Director: John Carpenter

Some horror fans consider John Carpenter’s 1982 science fiction horror masterpiece The Thing to be a pretty cozy movie. That makes sense to me, too, although it’s an odd way to interpret the word when we’re talking about a story of 12 men working at a remote Antarctica research station, who discover a horrific alien threat beneath the ice and snow. Most of the film is either outdoors in the bleak, beautiful, and perpetually white surroundings, or indoors with monstrous transformations, intense paranoia that the “Thing” has taken over one of them, and some of the best practical effects in genre history. It’s a compact cinematic universe that very easily wraps itself around your conscience.

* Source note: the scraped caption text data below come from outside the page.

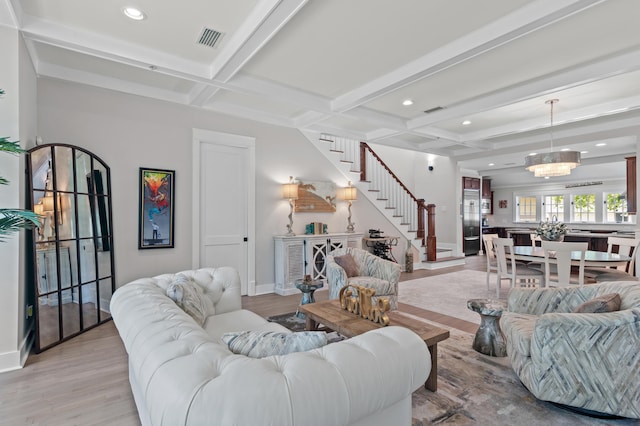 1510 Match Point Ln Unit 303, Panama City Beach, FL 32413 - living room with coffered ceiling, stairs, light wood finished floors, beam ceiling, and recessed lighting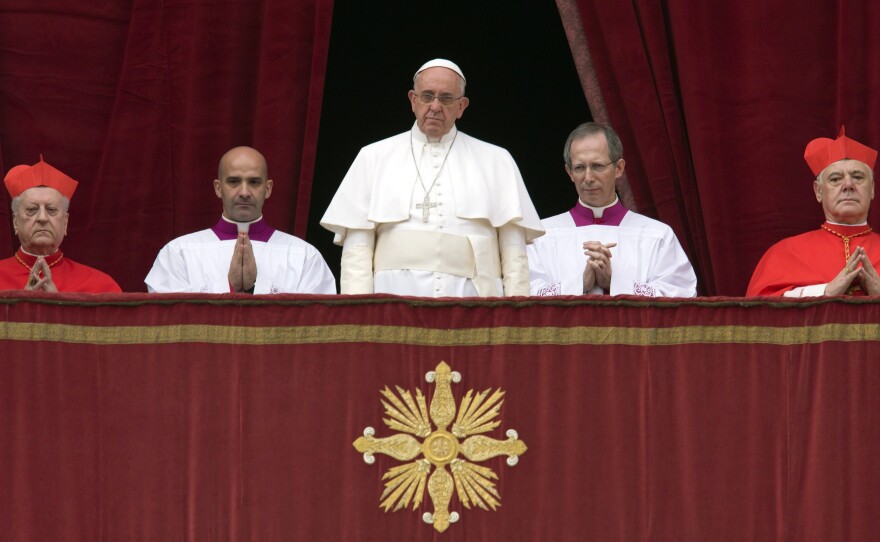 Pope Francis delivers his "Urbi et Orbi" (to the city and to the world) blessing from the central balcony of St. Peter's Basilica at the Vatican, on  Christmas Day.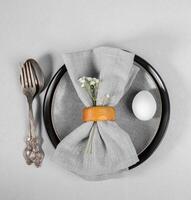 påsk tjänande i grå toner. eleganta tallrikar, servett, vit ägg, årgång bestick, blomma. topp se. foto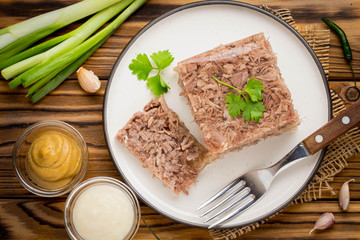 Jelly with meat, beef aspic, traditional Russian dish, portion on plate, mustard and horseradish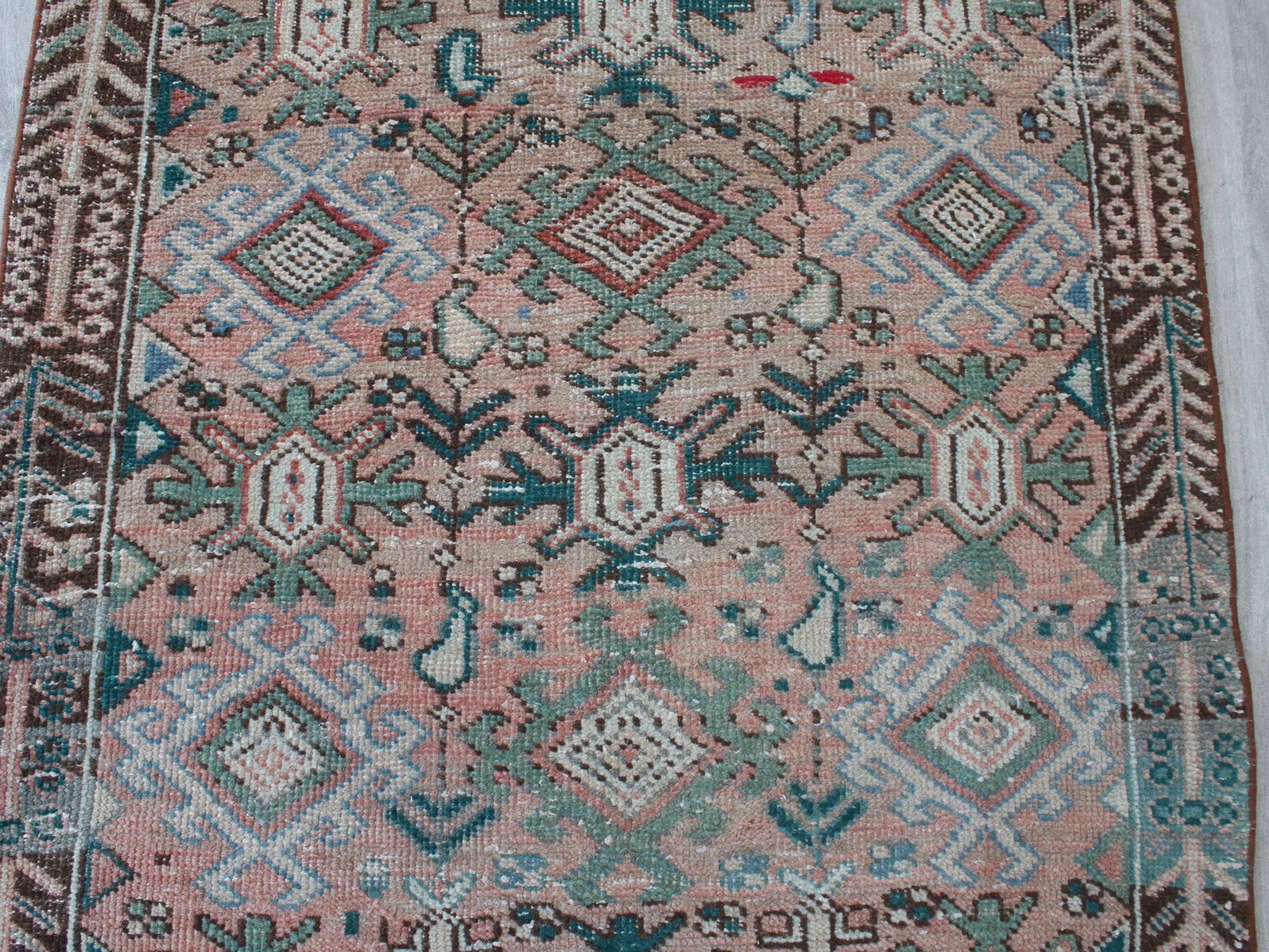 A close-up of a patterned rug with a dusty pink field, featuring geometric and floral motifs in teal, brown, cream, and light blue.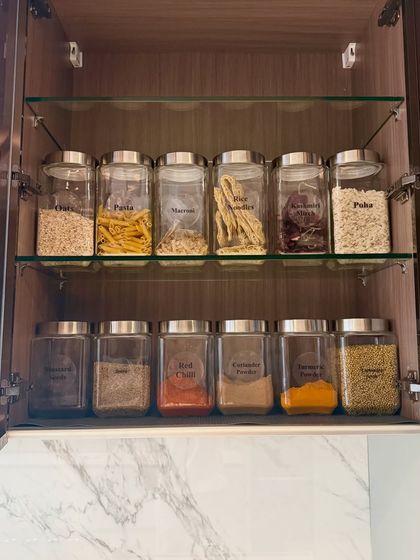 A cabinet showcasing a variety of pantry staples, including pasta, poha, and spices, all stored in matching glass jars. This uniform look brings a sense of calm and order to the kitchen.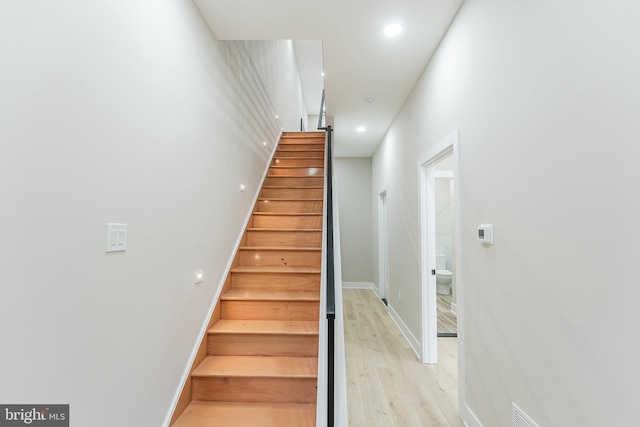 3221 Mercer St, Philadelphia, PA 19134 - stairs with wood finished floors, recessed lighting, and baseboards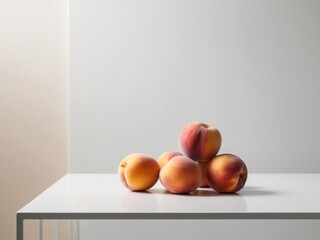 A group of peaches sitting on top of a white table.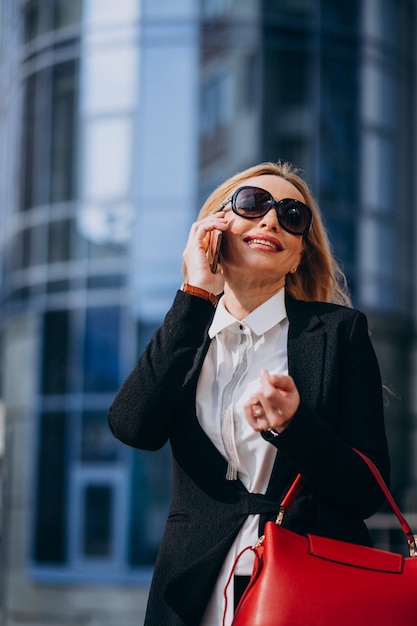 Zakenvrouw in stijlvolle outfit praten aan de telefoon bij het business center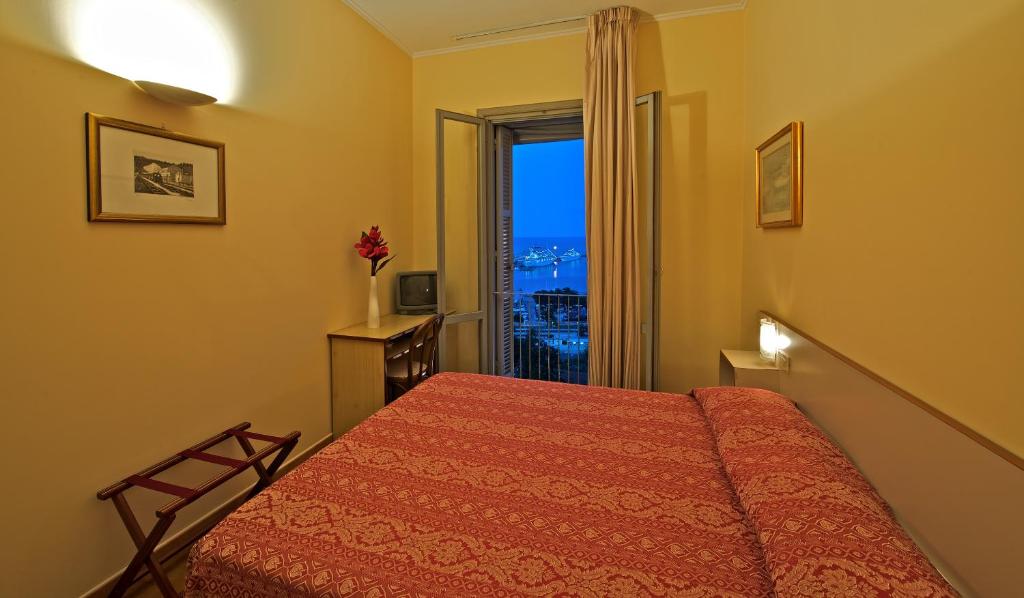 a bedroom with a bed and a window with a view at Hotel Ideale in Ortona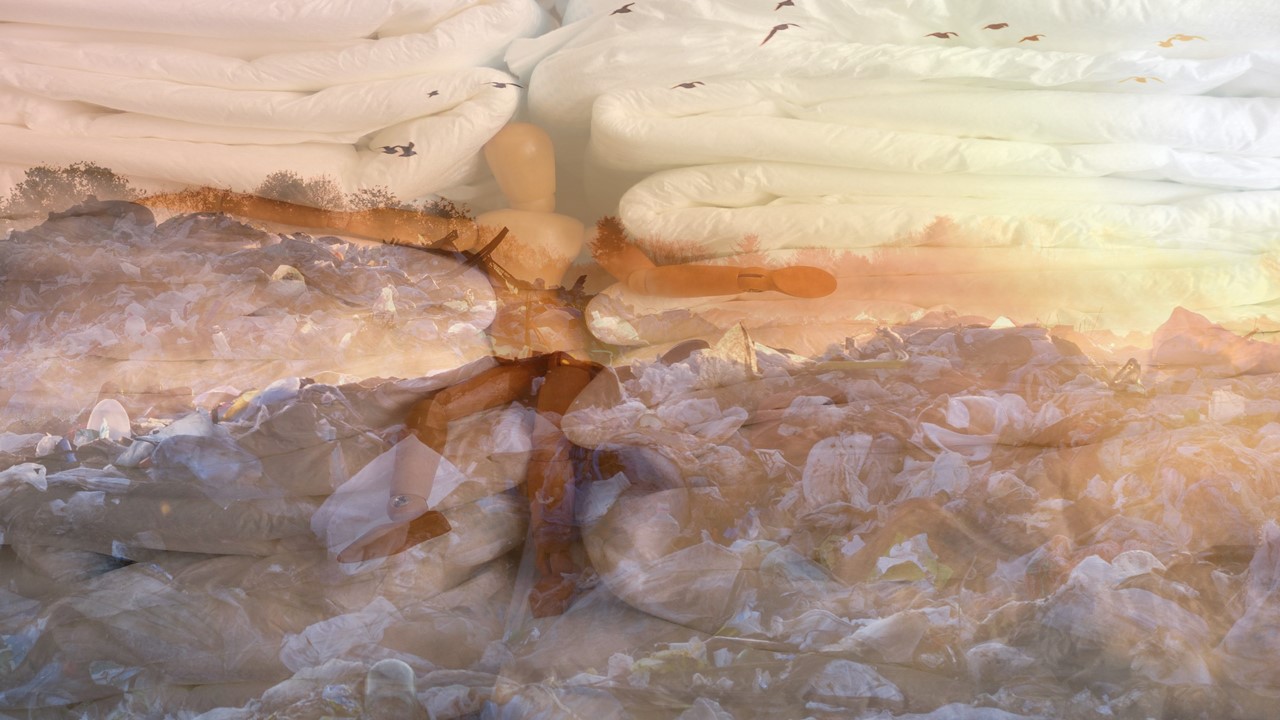 picture of a wooden doll in between stacks of incontinence pads merged with a picture of a landfill in sunrise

The Thing is a classic for a reason and is widely considered these days as one of the best from director John Carpenter (working with such talents as screenwriter Bill Lancaster and editor Todd Ramsay). The weather in this film is almost as much of an antagonist as the alien creature that threatens everyone, and by extension, the entire world. The tension and genuine horror are powerful in The Thing, and the constant reminder that these men, led by career-defining performances by Kurt Russell and Keith David, aren’t getting away from those icy winds or constant snowfall anytime soon.

 

4. A Simple Plan (1998)

A Simple Plan (1998)
A Simple Plan (1998)

Director: Sam Raimi

A Simple Plan is sometimes compared to Fargo, but the former is considerably darker and meaner in its bleak wintry landscape. A Simple Plan didn’t do great at the box office, was unfairly compared to Fargo, and has been largely forgotten. This story of three people who decide to keep the massive fortune they find in the ruins of a plane crash deserves better than that. To date it proves that at one point there were few directors who could touch Sam Raimi for building stakes and keeping us hooked on almost dizzying doses of tension. This might just be his best movie.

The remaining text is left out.